Многие общие друзья упрекали Романи за его нежелание приехать в Бергамо. Беллини еще раз повторил о своем сожалении, что поэта нет с ними: «Ты был бы, — заключает он, — очень доволен и нашей «Нормой» и твоим Беллини, который так признателен тебе и отвечает взаимными дружескими пожеланиями и любовью».
Благороднейшие слова, выражающие искренность, скромность и великодушие композитора, его желание поделить поровну с соавтором очень важный для них успех оперы, которая соединит их имена навечно. Мы не знаем, пробудили ли слова Беллини в душе Феличе Романи такое же волнение, какое испытываем сегодня мы, читая их. Нам известно только, что пройдет всего несколько месяцев, и поэт забудет о них.
Из Бергамо Беллини уехал 10 сентября и отправился прямо в Казальбуттано навестить синьору Турина, которая еще в июле заболела и уехала из Мольтразио. Музыкант тоже страдал в это время от мучительного фурункулеза на правой руке, из-за чего даже не мог писать. Но он быстро поправился и через восемь дней уехал в Милан.
Романи так и не подыскал еще сюжет для новой оперы, а из Парижа все еще не прибыли заказанные им пьесы. Беллини начал сильно тревожиться, принимая во внимание, что у поэта было много других обязательств — он обещал либретто Карло Кочча, Андреа Майокки, Меркаданте и Доницетти, оперы которых должны были пойти в Милане, Парме и Флоренции в этом же карнавальном сезоне. Романи начал писать либретто, но вовсе не для Беллини, хотя тот первым просил его. Неопределенность продолжалась.
Поиски становились все лихорадочнее, и беспокойство Беллини росло. Ему хотелось немедленно приняться за работу, а он еще не знал даже названия оперы. Однако либреттисту тревоги музыканта казались неоправданными.
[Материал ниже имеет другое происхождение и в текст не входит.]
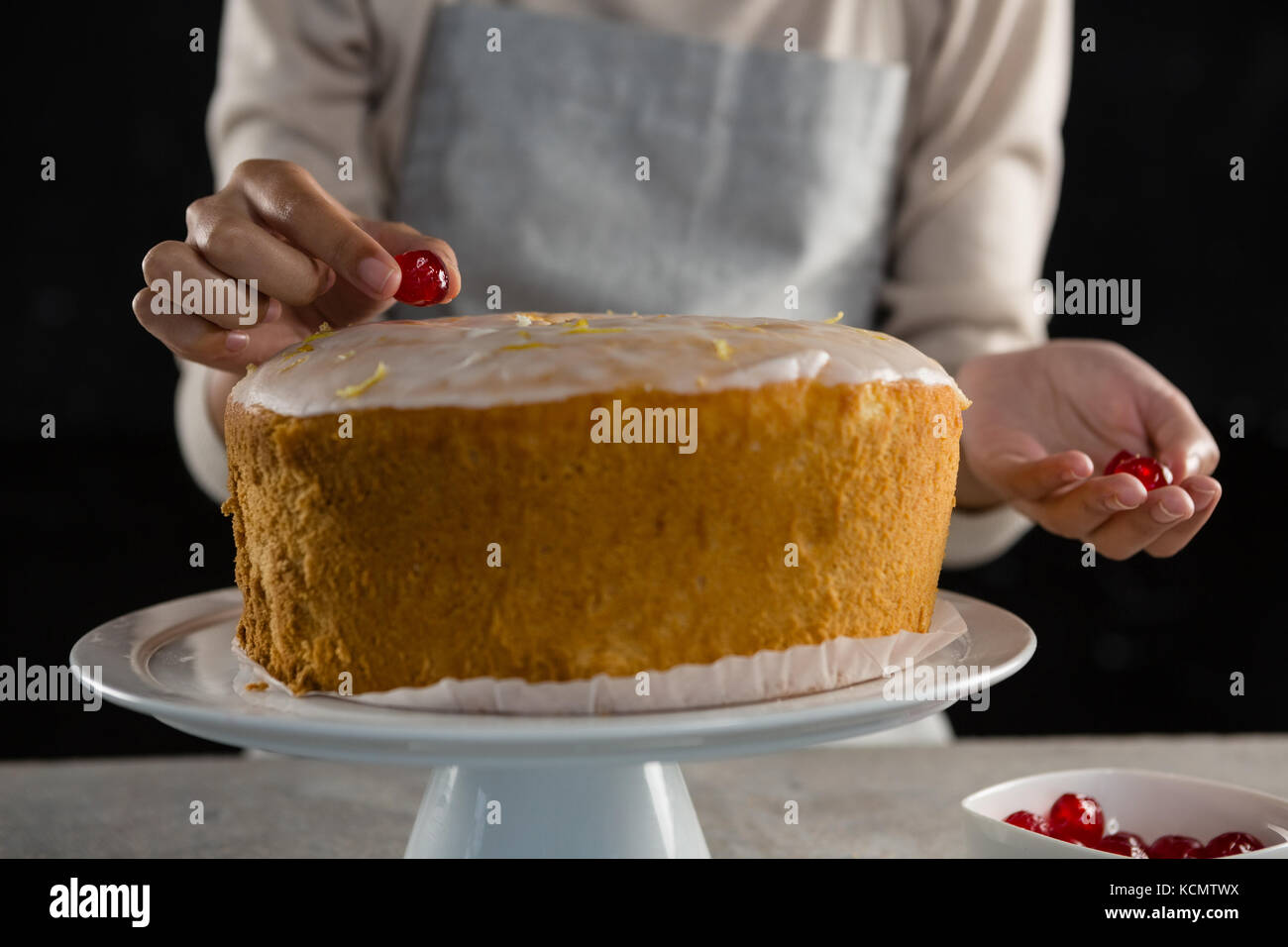 Mid section of woman toping a fresh baked cake with cherry Stock Photo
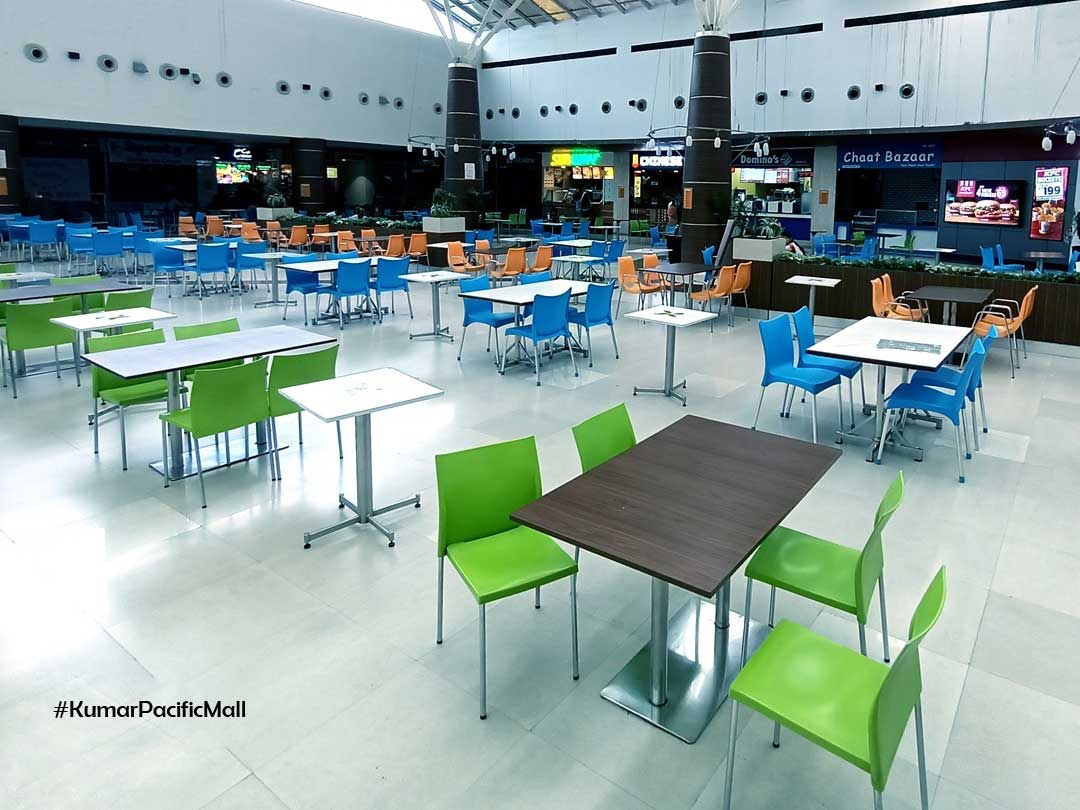 Spacious food court at Kumar Pacific Mall by Best Developers in Pune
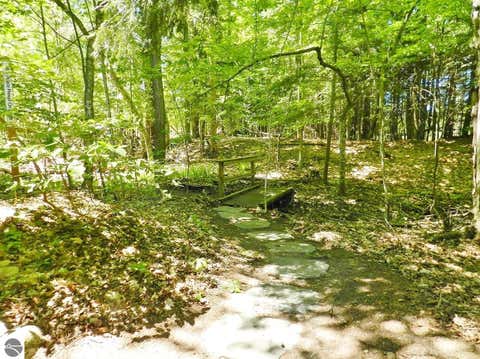 Tiny photo for 12055 S Woodwinds Circle #23, Traverse City, MI 49684 (MLS # 1946905)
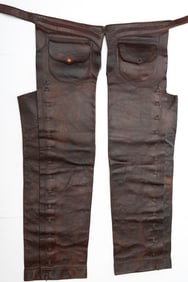 A pair of vintage "F.A. Meanea, Cheyenne" marked leather Stove Pipe Chaps with leather laced border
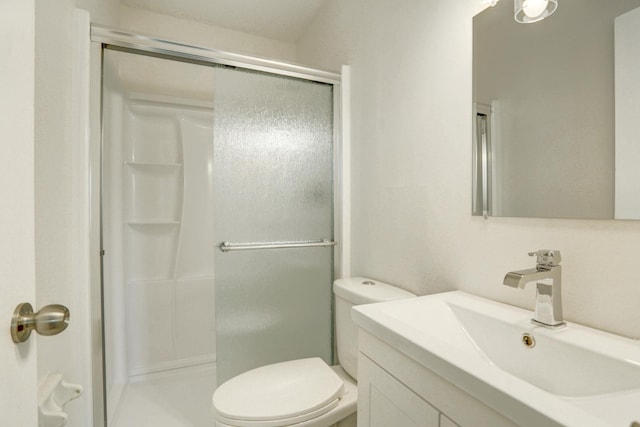 2401 Brookview Dr, Burnsville, MN 55337 - full bathroom featuring a stall shower, toilet, and vanity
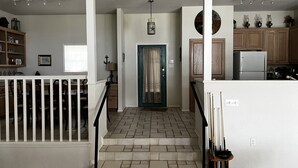 Un intérieur de maison comprenant une cuisine, un coin repas et un escalier menant à un deuxième étage.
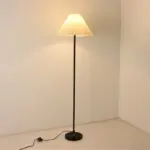 Minimalist 155cm iron floor lamp with white pleated fabric shade, customizable for hotel projects.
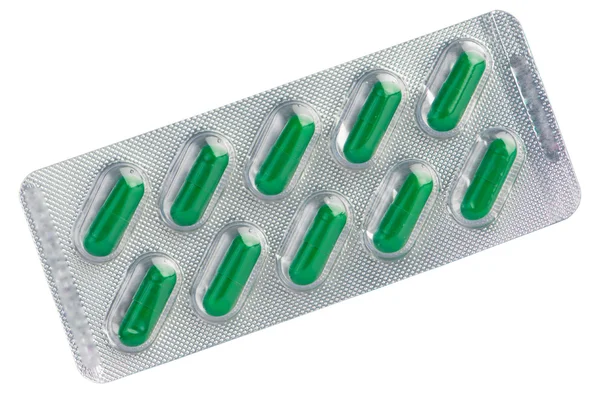 Groene capsule onder blister — Stockfoto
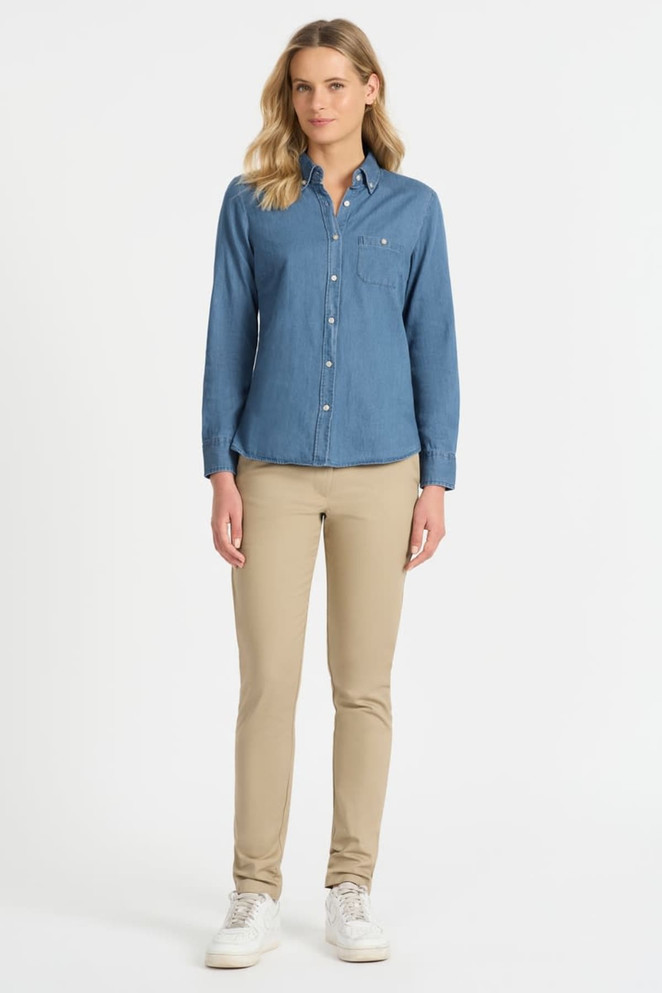A ladies' long sleeve button-up shirt in denim blue, paired with beige trousers and white sneakers. The shirt has a chest pocket and branding.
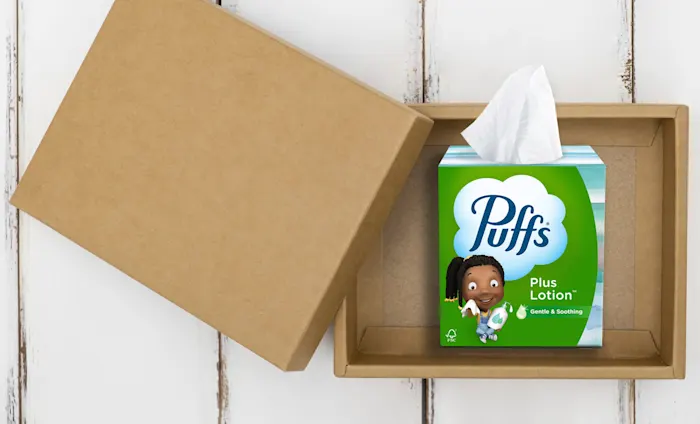 Puffs Plus Lotion in a care package box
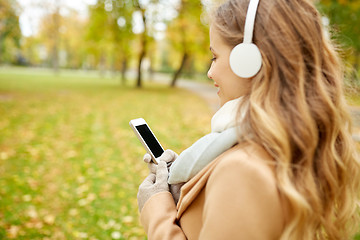 Image showing woman with smartphone and earphones in autumn park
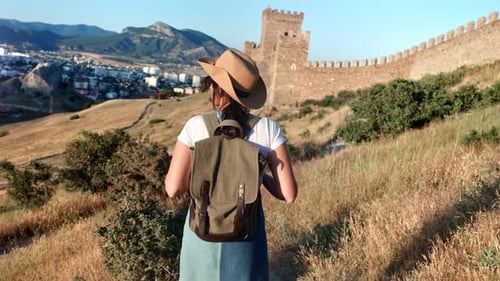 Active Travel Backpacker Woman Walking on Hilly Terrain Near Medieval Antique Wall Back View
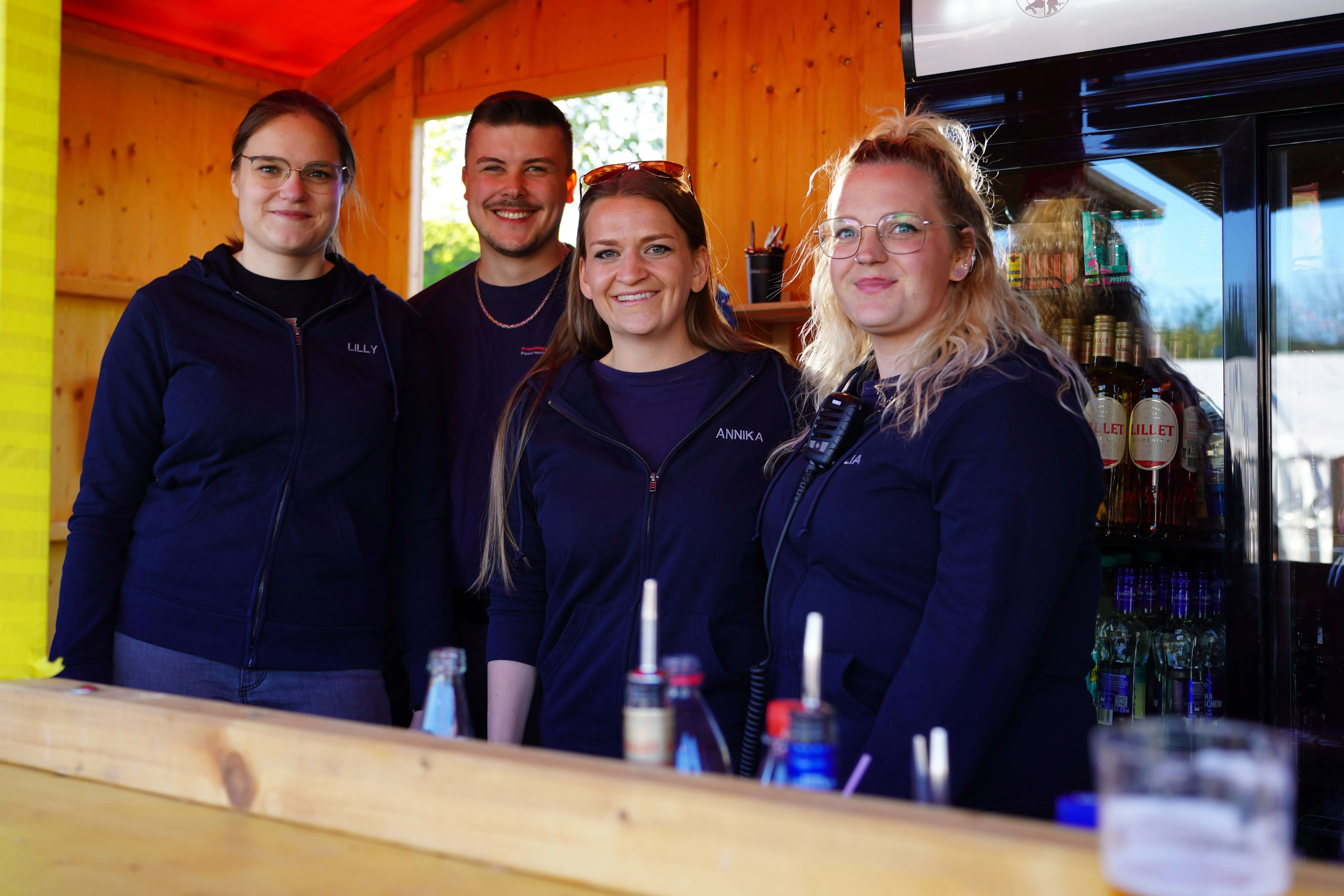 Vier lächelnde Personen stehen hinter einer Theke mit Getränken, die Namen Lilly und Annika sind auf ihren Jacken zu sehen.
По контракту он должен был вручить ему «первую половину либретто в середине октября, а другую половину — в ноябре». Кроме того, он уже привык дотягивать все до последнего момента, то ли из-за своей лени, то ли по другим причинам, как это было с «Заирой», «Капулети» и «Сомнамбулой». Так чего беспокоится этот боязливый мальчик? Выходили они из положения прежде, выйдут и теперь!
Но Беллини словно предчувствовал что-то недоброе. Он жил будто в каком-то кошмаре. Музыкант оставался в Милане и без конца теребил своего поэта. На всякий случай он уговорил импресарио Ланари перенести премьеру новой оперы на февраль 1833 года, а в декабре 1832 года показать на открытии сезона «Норму» — для Венеции оперу неизвестную.